To be clear, the Provider special treatment part is not something React Server Components do -- that seems specific to Hydrogen. My best guess is that this is some kind of a temporary workaround for the fact that we haven't built a "server context" concept into React yet (but it's a planned feature, as was noted in the original Server Components RFC). If something is confusing, I'm sure the team would appreciate the feedback on this issue!
+1 to what Dan said! `*Provider` handling of client components is a workaround for lack of server context right now. When server context ships, we'll migrate to it in Hydrogen.
There are several other things that are specific to Hydrogen that will likely change during the dev preview period as React introduces new features (like server context and SSR with RSC).
The key to unlocking fast first-render is combination of streaming SSR (i.e. streaming HTML instead of just JS blobs), which is enabled by adopting Suspense (i.e. async the data fetch and stream data when available in HTML response, which then hydrates relevant component). RSC layers on top: it establishes a clear boundary between client and server logic, which enables better bundling strategies (as you highlighted), but also per-component and efficient subtree updates for subsequent interactions.

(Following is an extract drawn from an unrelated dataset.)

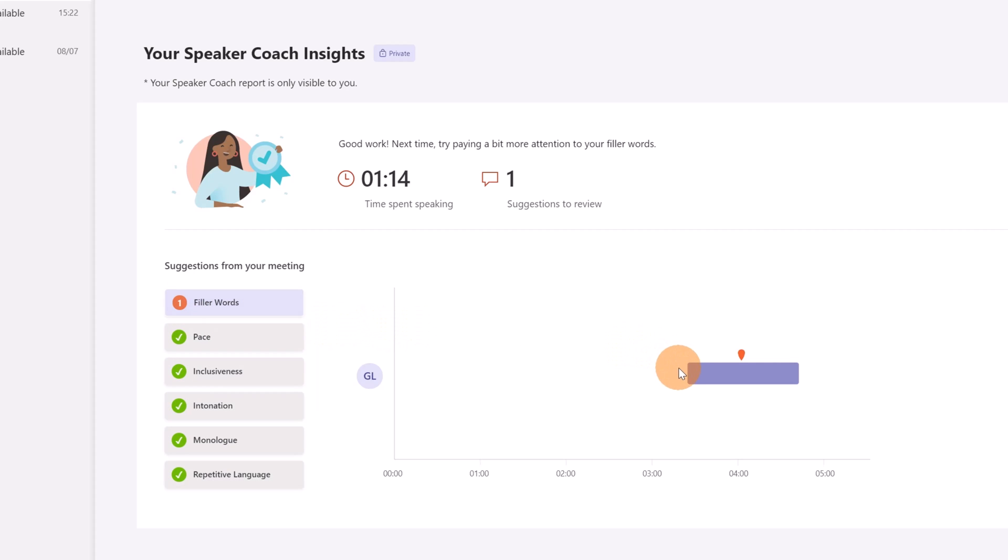So you will have this timeline during your presentation and you can see these little red points that tell you exactly the point where you have to work to improve the presentation. This is very cool.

RSC is early but we've been working with the React core team on our use case and, based on the past few months of work and progress, we feel pretty confident about the direction. In particular, shifting legacy React apps towards Suspense+RSC will be a big shift for many, but we don't have that constraint.. We have the "luxury" of starting anew and we're leaning into the bleeding edge because it enables all the right primitives for commerce: fast first render, efficient updates, open space for optimizing bundles and RSC transport protocol, etc.